> _DIRECTIONS FOR THIS TASK_:
The copy should hold exactly the lines below from the one that contains "Rhinoplasty Before & After Patient #22379" through the one that contains "Nazilli - Microblading" and nothing else, so no pictures.

> _INPUT_:
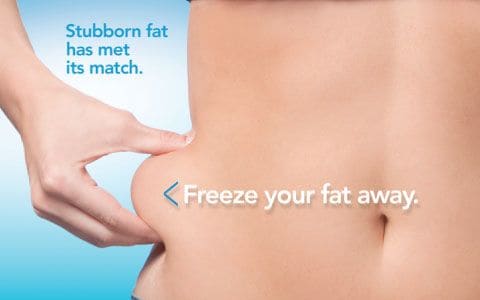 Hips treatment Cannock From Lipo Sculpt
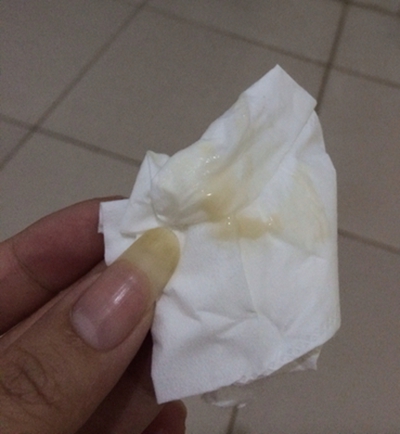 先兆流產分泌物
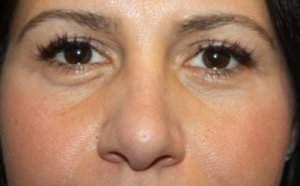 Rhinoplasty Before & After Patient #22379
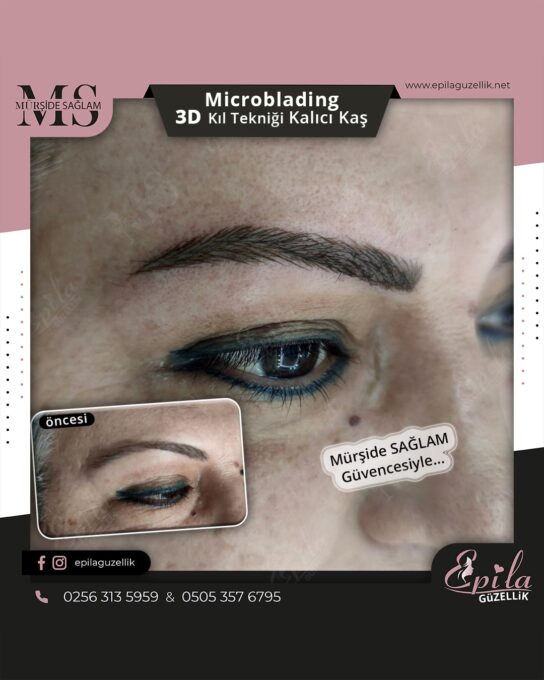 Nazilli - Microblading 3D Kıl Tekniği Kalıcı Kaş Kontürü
---
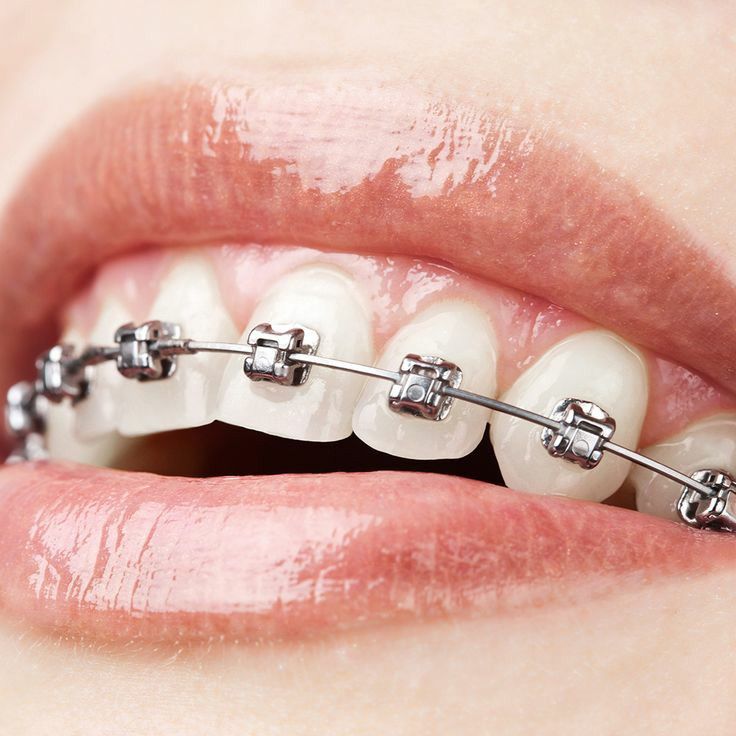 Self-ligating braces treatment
...
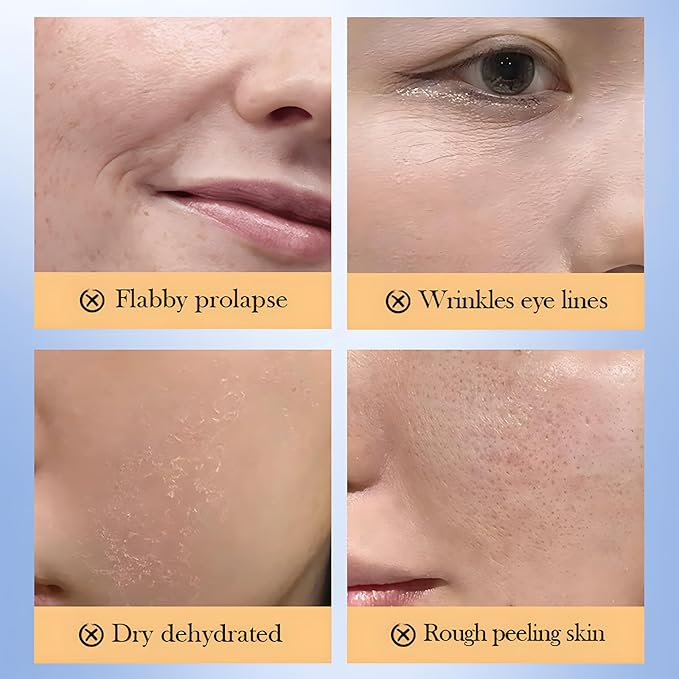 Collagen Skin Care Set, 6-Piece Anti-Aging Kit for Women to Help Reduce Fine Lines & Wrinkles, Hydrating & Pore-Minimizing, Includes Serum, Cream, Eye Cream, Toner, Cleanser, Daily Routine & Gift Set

> _RESPONSE_:
 Rhinoplasty Before & After Patient #22379
 Nazilli - Microblading 3D Kıl Tekniği Kalıcı Kaş Kontürü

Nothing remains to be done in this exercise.